United States-based Ethereum (ETH) spot exchange-traded funds (ETFs) saw $393 million worth of inflows this month.
Farside Investors data shows that U.S. Ethereum spot ETFs recorded a cumulative net inflow of $393 million this month, a sevenfold increase over January.
Furthermore, in February, United States-based ETH spot ETF products saw a net outflow only on 10 Feb and 12 Feb. — of $22.5 million and $40.9 million, respectively. At the time of writing, Ethereum is trading at about $2,700 after seeing its price fall by 2.85 % over the last 24 hours and gaining 1.22% over the last seven days.
The details
The world’s first cryptocurrency, Bitcoin (BTC), on the other hand, saw a net outflow of $376 million this month, according to Farside Investors data. Weak sentiment has been plaguing Bitcoin, with these financial products recording net outflows for four days in a row.

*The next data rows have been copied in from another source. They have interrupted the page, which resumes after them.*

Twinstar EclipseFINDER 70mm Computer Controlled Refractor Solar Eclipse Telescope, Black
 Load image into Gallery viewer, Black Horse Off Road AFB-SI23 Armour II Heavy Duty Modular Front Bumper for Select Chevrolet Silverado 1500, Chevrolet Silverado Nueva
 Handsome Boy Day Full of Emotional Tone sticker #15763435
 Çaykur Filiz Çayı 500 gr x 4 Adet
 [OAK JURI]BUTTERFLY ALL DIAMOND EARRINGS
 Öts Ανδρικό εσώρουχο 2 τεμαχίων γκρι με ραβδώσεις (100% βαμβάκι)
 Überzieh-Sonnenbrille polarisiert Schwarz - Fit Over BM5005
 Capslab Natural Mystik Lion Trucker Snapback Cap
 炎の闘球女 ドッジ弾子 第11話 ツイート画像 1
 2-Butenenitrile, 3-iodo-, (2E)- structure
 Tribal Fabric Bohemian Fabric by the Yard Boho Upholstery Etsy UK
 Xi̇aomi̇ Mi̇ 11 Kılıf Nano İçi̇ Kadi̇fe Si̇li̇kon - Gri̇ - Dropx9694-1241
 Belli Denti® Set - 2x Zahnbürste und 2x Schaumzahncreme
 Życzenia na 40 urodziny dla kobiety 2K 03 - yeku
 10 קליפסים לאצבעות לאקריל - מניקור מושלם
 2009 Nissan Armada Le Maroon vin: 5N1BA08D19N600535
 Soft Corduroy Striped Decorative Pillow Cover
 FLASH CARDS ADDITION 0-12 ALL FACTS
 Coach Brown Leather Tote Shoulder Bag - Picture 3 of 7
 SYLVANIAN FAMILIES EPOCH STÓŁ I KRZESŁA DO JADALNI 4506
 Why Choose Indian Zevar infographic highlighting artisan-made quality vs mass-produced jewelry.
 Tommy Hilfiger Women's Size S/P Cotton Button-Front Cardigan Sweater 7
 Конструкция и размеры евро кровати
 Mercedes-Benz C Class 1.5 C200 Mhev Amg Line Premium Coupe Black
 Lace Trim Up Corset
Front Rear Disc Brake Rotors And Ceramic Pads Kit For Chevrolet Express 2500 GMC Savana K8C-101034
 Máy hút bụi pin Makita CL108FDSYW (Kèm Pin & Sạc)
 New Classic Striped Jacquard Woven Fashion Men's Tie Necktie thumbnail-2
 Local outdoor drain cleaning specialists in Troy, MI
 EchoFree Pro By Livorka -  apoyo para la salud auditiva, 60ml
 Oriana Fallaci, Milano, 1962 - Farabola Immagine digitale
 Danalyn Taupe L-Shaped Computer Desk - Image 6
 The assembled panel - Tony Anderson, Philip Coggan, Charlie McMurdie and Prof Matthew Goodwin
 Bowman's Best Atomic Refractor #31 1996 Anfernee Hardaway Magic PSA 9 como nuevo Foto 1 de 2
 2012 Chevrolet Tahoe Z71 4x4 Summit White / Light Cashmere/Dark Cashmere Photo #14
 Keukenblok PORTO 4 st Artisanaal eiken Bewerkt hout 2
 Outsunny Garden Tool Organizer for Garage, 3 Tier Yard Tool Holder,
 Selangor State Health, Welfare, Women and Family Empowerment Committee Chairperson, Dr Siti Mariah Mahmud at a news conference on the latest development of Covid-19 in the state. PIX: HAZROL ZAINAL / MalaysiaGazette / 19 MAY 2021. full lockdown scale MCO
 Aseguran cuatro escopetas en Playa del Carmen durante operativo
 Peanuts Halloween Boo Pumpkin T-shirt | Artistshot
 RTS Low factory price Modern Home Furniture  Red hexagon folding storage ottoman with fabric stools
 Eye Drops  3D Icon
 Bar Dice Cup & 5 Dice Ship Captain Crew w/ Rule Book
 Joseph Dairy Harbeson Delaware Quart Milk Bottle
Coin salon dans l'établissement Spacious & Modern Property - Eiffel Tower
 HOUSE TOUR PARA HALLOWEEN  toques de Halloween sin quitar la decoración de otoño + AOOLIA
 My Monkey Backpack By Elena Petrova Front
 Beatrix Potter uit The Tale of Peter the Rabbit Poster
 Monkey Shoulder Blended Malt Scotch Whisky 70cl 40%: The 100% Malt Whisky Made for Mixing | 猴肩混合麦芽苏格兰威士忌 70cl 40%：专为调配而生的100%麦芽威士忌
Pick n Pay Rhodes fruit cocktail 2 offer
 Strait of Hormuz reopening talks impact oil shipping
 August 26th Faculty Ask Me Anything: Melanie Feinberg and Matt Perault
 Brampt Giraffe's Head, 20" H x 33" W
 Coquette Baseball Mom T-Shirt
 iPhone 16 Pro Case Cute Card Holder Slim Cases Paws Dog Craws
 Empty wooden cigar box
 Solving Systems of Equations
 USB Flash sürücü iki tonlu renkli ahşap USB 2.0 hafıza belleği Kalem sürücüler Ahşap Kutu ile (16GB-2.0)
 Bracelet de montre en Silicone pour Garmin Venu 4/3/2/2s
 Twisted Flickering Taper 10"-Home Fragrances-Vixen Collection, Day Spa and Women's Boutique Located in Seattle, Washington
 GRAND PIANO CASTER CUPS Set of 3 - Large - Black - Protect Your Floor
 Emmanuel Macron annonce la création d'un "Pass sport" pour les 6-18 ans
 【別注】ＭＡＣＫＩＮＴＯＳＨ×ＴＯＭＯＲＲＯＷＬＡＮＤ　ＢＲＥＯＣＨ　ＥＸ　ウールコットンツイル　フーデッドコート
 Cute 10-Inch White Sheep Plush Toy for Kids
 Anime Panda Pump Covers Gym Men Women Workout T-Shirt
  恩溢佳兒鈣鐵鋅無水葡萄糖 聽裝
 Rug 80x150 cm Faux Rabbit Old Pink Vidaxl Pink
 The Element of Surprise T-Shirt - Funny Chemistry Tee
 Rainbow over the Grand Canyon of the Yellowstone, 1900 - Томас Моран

The Crypto Fear & Greed Index, a multifactorial measure of crypto market sentiment, currently indicates a level described as “neutral.” The index stands at 47, indicating that the crypto market is now mostly in a neutral state, with a slight tendency towards fear.
The pivot to Ethereum is partly attributed to carry trading, a strategy that consists of acquiring spot ETH ETFs and shorting the Chicago Mercantile Exchange’s (CME) Ethereum futures at the same time. As reported a week ago by crypto news outlet Coindesk, hedge funds held record short positions in the CME ETH futures.
The outlet already explained at the time that “carry trades or arbitrage plays primarily drive the record short interest.” Thomas Erdösi, head of product at CF Benchmarks, said at the time:
“There is evidence suggesting that a notable portion of the short interest in Ether futures is tied to the carry trade. Despite macro headwinds and Ether’s relative underperformance, U.S. ETH ETF inflows have remained steady over the past three months, coinciding with an increase in futures short interest—potentially signaling an uptick in basis trades.”